==== DATA EXTRACT

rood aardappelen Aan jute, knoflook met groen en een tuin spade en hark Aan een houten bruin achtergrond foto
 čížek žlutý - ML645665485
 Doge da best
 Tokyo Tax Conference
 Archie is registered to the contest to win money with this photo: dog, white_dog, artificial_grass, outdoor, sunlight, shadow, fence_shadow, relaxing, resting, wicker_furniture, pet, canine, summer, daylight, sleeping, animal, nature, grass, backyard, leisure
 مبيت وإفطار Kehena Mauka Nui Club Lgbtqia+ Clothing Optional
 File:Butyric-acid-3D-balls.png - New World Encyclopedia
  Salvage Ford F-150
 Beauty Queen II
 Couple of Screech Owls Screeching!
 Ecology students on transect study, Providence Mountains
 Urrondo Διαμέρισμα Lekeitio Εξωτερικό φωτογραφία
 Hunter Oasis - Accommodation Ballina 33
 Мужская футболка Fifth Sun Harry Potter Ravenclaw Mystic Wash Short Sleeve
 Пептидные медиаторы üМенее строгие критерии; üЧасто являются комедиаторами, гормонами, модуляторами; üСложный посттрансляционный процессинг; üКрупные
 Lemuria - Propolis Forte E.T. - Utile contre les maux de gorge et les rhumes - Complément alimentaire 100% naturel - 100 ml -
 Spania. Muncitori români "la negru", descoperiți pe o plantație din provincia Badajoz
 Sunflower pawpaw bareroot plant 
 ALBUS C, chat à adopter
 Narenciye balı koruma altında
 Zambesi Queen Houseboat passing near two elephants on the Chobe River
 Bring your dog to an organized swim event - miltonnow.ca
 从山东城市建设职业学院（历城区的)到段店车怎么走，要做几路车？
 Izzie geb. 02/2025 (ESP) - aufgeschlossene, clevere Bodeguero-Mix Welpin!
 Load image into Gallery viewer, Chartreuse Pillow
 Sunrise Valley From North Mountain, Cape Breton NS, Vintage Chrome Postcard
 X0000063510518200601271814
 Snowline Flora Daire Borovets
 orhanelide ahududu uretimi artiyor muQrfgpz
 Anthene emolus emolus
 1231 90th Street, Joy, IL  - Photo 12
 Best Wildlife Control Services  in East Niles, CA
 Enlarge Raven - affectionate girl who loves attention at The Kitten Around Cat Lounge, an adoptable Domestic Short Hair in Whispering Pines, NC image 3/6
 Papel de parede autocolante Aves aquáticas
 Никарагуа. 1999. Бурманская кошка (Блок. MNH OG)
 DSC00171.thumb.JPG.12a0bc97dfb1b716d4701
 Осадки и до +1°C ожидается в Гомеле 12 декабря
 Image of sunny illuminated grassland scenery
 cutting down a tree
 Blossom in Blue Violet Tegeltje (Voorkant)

========

# PROBLEM REQUIREMENTS:
Nothing but the lines from the one with "Papel de parede autocolante Aves aquáticas" through the final line of the records above should appear, each copied exactly.

# SOLVED EXERCISE:
 Papel de parede autocolante Aves aquáticas
 Никарагуа. 1999. Бурманская кошка (Блок. MNH OG)
 DSC00171.thumb.JPG.12a0bc97dfb1b716d4701
 Осадки и до +1°C ожидается в Гомеле 12 декабря
 Image of sunny illuminated grassland scenery
 cutting down a tree
 Blossom in Blue Violet Tegeltje (Voorkant)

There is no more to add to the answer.